A team I worked with spent six months cutting their CI pipeline from 27 minutes to 8. Real engineering work, well executed. The number on the dashboard was three times better.
Shipping speed didn’t change.
What changed: the PR review queue got longer. Where before a PR sat in CI for 27 minutes and then in review for a day, now it sat in CI for 8 minutes and then in review for three days. The constraint had moved one step over, where nobody was watching.
The build was never the bottleneck. This is the most common mistake I see in technology decisions.
The visible delay is not the constraint
Goldratt made the point forty years ago in The Goal: every system has a constraint, and the throughput of the whole system is determined by that single constraint. Speed up anything else and you push more work into the constraint’s queue.
This is obvious in physical systems. If your factory can only paint 100 widgets an hour, building 200 upstream doesn’t ship more — it builds a stockpile in front of the paint booth.
It’s much less obvious in software because the inventory is invisible: PRs in queues, tickets in backlogs, decisions waiting for someone to make them. Because the inventory is invisible, the constraint is invisible. So we optimize what we can see — build times, query times, deploy times — and the system doesn’t get faster.
Where the constraint usually lives
In ten years of technology projects, the constraint is almost never inside a step. It’s almost always between steps.
The slow build isn’t the constraint — the wait for someone to approve the PR is. The slow query isn’t the constraint — the decision about whether to change the schema is. The slow deploy isn’t the constraint — the change advisory board that meets twice a week is. The AI coding tool isn’t the constraint — the under-specified ticket is.

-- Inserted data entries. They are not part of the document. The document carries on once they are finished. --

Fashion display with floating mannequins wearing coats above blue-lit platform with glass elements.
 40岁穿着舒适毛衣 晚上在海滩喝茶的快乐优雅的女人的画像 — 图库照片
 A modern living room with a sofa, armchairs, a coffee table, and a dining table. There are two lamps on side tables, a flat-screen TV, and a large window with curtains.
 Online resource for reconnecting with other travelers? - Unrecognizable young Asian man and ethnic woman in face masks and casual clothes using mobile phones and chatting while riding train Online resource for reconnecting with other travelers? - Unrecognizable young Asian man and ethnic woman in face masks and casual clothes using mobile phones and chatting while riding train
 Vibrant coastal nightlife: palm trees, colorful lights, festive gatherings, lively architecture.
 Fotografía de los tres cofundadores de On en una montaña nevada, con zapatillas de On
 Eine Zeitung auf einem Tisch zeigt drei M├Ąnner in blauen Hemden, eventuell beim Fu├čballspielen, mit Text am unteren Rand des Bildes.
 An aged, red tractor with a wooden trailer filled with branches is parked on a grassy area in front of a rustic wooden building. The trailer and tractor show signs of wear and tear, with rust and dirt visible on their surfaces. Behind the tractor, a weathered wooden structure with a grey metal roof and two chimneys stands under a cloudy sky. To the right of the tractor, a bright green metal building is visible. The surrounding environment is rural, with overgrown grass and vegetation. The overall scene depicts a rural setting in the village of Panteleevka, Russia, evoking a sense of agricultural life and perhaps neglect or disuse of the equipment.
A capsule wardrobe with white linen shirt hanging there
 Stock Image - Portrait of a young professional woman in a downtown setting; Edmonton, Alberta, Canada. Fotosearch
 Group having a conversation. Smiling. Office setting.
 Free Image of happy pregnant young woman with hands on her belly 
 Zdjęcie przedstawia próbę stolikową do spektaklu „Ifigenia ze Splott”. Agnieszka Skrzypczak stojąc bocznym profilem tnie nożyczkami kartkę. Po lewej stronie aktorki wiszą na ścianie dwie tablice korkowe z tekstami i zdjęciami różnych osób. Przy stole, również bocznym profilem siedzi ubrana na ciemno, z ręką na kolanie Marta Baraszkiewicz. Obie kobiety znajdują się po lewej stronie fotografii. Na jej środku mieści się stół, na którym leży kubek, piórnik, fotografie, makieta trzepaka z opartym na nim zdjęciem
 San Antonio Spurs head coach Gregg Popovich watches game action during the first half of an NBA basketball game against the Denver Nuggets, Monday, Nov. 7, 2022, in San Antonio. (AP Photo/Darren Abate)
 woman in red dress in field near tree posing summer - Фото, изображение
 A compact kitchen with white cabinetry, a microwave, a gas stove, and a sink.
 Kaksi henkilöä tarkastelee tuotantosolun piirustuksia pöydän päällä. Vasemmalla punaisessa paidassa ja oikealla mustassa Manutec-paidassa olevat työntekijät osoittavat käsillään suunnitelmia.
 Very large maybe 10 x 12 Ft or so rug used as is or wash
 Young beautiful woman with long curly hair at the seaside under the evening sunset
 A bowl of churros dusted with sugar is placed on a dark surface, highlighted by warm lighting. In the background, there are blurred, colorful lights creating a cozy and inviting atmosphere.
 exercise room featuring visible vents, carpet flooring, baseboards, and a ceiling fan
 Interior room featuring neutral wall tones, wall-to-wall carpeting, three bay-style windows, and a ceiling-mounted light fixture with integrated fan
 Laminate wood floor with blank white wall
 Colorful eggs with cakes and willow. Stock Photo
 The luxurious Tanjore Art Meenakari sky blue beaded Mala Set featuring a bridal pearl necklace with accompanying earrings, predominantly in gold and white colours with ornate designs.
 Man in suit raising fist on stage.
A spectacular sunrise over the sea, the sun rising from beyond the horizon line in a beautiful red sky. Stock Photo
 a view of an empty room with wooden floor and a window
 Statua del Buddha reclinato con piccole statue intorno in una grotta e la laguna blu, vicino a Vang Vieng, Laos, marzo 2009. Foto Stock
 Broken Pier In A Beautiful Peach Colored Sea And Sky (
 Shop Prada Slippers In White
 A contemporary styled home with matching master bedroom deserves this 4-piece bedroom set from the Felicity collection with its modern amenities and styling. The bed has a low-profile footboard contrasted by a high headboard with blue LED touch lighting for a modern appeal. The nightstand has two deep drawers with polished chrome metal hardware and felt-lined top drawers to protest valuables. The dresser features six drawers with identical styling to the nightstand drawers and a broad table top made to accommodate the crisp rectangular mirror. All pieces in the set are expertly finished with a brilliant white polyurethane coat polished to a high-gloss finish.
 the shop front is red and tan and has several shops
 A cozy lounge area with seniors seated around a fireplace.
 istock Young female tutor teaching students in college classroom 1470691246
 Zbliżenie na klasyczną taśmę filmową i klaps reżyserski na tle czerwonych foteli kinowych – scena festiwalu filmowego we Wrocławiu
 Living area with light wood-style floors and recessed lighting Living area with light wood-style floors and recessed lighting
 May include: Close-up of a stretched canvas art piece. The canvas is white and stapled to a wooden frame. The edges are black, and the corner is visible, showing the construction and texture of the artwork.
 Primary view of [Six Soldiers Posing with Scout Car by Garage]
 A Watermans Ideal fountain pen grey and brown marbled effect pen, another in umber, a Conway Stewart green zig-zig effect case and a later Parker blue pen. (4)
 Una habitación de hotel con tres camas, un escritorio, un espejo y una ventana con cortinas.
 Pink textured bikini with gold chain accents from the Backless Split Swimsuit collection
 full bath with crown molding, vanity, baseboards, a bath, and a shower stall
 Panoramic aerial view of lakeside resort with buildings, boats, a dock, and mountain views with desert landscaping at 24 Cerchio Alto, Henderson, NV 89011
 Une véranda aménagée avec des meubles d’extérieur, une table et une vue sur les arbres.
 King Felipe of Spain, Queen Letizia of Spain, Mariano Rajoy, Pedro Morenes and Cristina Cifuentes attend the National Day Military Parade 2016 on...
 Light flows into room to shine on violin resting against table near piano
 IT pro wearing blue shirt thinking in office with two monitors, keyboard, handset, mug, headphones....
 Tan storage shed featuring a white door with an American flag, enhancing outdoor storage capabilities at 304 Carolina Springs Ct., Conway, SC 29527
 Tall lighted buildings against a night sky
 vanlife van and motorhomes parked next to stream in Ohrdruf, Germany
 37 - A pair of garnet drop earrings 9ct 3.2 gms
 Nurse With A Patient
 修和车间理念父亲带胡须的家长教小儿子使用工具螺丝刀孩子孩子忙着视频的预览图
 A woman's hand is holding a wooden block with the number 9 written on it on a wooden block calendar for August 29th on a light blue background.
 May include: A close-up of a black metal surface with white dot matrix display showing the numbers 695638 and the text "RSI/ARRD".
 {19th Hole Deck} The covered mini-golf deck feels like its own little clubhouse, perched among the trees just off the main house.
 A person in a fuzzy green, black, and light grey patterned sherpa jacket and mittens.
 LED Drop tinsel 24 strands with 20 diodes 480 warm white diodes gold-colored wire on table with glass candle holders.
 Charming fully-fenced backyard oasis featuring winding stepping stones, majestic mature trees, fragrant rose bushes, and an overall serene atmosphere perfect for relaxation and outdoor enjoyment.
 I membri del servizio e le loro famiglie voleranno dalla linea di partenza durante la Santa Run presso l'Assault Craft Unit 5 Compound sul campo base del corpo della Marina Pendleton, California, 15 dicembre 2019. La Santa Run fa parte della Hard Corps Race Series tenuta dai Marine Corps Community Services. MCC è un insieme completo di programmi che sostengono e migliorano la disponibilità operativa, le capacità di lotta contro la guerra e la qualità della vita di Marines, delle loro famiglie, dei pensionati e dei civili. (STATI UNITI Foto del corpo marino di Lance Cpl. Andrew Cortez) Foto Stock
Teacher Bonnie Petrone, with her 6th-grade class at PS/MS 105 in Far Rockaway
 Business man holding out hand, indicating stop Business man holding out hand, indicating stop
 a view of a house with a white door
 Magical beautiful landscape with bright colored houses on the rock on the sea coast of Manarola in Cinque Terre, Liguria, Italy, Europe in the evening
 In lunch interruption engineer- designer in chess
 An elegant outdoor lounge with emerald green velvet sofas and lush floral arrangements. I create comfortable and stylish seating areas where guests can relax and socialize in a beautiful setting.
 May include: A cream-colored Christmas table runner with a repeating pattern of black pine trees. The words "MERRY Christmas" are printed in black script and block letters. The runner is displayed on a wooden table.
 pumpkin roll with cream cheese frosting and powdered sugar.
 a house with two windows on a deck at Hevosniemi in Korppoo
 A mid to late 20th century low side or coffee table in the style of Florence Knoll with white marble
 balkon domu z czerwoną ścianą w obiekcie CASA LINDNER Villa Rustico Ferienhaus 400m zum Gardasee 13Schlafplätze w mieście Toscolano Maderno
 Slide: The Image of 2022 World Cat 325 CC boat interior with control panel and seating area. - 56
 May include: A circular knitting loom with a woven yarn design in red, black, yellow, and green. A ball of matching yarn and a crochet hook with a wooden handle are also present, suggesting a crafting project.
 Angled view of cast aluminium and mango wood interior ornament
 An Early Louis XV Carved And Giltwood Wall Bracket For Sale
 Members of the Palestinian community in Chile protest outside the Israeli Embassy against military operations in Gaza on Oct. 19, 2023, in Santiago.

Engineers look for constraints inside the work they do because that’s where they have control and visibility. The real constraints sit at handoffs, in queues, in approvals. Places where work waits for a human or for an agreement.
Why we keep picking the wrong step
The visible step is measurable — you can benchmark it, graph it, watch it improve. Nobody publishes a dashboard of average days a PR sits in review. The visible step also has a tool you can buy; there’s a whole market for faster CI, faster databases, faster CDNs. And it’s politically safe: nobody objects to a faster build, while optimizing the real constraint means asking someone to change how they work. “We need to upgrade the CI runners” is a budget conversation. Budget conversations are easier.
How to find the actual constraint
Stop measuring work time. Start measuring wait time.
Track any unit of work end to end. Break the timeline into states, not activities — not “coding, reviewing, deploying” but “waiting in backlog, in development, waiting for review, in review, waiting for QA, deployed.” Add up the time in each state. The state with the longest cumulative time is your constraint. It will almost never be an active state. It will be a waiting state.
flowchart LR
A["<b>Write code</b><br/>2h"] --> W1["<b>Wait for review</b><br/>3 days"] --> B["<b>Review</b><br/>10m"] --> W2["<b>Wait for QA</b><br/>2 days"] --> C["<b>QA</b><br/>30m"] --> W3["<b>Wait for deploy window</b><br/>1 day"] --> D["<b>Deploy</b><br/>8m"]
The active work in that timeline takes under three hours. The wait time takes six days. Every speedup applied to an active step is rounding-error work against a six-day queue. The first time a team puts numbers like this on a whiteboard, the conversation changes — the bottleneck is usually a person, a meeting cadence, or an approval that nobody had named as a bottleneck. The team had been optimizing the wrong thing for months because nobody had measured the right thing.
The constraint moves
Once you find and fix the constraint, the constraint moves. If CI was the bottleneck and you cut it from 27 minutes to 8, now review is the bottleneck. Fix review, now QA is. The system always has a constraint. The work is never done.
Most organizations want to fund a project that “fixes” performance — a six-month initiative with a clean end. The honest version is that constraint management is a permanent discipline. Teams that internalize this stop running performance as projects and start running it as a continuous practice: measure lead time at the system level, watch where the queue is sitting, direct attention there.
What this means for architecture
A microservices migration sold on “deploy independence” only delivers if deploy coordination was your actual constraint. A caching layer added to a system gated by a downstream API gives you faster reads, but user-perceived speed is whatever the slowest gated path returns. An AI coding assistant in an organization where the constraint is specification quality won’t speed up delivery — it will produce more code, faster, against the same vague requirements. A new message queue introduced to “decouple services” only helps if synchronous coupling was the constraint.
The discipline is to ask, before any architecture decision: if we make this step instant, does the system get faster? If no, the step isn’t the constraint, and the change won’t deliver what’s promised.
Most technology decisions are made by smart people doing careful work on the wrong problem. The careful work isn’t the issue. The diagnosis upstream of it is.
Find the constraint. Optimize the constraint. Watch it move. Find the next one. The teams that compound speed over time take this loop seriously. The teams that don’t keep delivering impressive isolated wins that never quite add up.
The visible step almost always isn’t the constraint. Finding the one that is — by measuring wait time instead of work time — is unglamorous, political, and where the leverage actually lives.